Exercise instructions: Please return the lines of the data below, word for word, from the first line through the line containing "2022 Nissan Kicks".

::: Dataset records :::

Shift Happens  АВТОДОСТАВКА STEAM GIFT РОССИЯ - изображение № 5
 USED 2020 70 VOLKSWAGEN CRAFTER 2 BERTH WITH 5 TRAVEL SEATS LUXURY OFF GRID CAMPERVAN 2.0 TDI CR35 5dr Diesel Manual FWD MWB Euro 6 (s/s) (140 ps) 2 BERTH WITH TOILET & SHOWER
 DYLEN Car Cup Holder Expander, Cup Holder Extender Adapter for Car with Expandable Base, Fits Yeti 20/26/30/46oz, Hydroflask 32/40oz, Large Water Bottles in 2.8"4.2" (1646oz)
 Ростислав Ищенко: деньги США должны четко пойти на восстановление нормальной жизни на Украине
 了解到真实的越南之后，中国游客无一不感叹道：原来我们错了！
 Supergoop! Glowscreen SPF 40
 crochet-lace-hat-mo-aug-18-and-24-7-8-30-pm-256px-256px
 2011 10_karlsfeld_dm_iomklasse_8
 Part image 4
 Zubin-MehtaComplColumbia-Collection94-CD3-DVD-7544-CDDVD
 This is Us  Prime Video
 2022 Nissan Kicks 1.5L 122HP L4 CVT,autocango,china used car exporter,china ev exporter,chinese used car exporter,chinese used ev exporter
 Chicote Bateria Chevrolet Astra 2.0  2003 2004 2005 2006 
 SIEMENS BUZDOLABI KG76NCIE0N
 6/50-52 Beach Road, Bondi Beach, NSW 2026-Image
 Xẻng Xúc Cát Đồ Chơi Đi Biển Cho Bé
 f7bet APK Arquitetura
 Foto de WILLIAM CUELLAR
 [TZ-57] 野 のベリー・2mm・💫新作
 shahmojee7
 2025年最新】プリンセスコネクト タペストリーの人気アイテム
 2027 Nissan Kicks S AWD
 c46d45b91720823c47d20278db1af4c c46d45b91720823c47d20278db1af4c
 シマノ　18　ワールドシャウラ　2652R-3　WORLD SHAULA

:::

Exercise result:
Shift Happens  АВТОДОСТАВКА STEAM GIFT РОССИЯ - изображение № 5
 USED 2020 70 VOLKSWAGEN CRAFTER 2 BERTH WITH 5 TRAVEL SEATS LUXURY OFF GRID CAMPERVAN 2.0 TDI CR35 5dr Diesel Manual FWD MWB Euro 6 (s/s) (140 ps) 2 BERTH WITH TOILET & SHOWER
 DYLEN Car Cup Holder Expander, Cup Holder Extender Adapter for Car with Expandable Base, Fits Yeti 20/26/30/46oz, Hydroflask 32/40oz, Large Water Bottles in 2.8"4.2" (1646oz)
 Ростислав Ищенко: деньги США должны четко пойти на восстановление нормальной жизни на Украине
 了解到真实的越南之后，中国游客无一不感叹道：原来我们错了！
 Supergoop! Glowscreen SPF 40
 crochet-lace-hat-mo-aug-18-and-24-7-8-30-pm-256px-256px
 2011 10_karlsfeld_dm_iomklasse_8
 Part image 4
 Zubin-MehtaComplColumbia-Collection94-CD3-DVD-7544-CDDVD
 This is Us  Prime Video
 2022 Nissan Kicks 1.5L 122HP L4 CVT,autocango,china used car exporter,china ev exporter,chinese used car exporter,chinese used ev exporter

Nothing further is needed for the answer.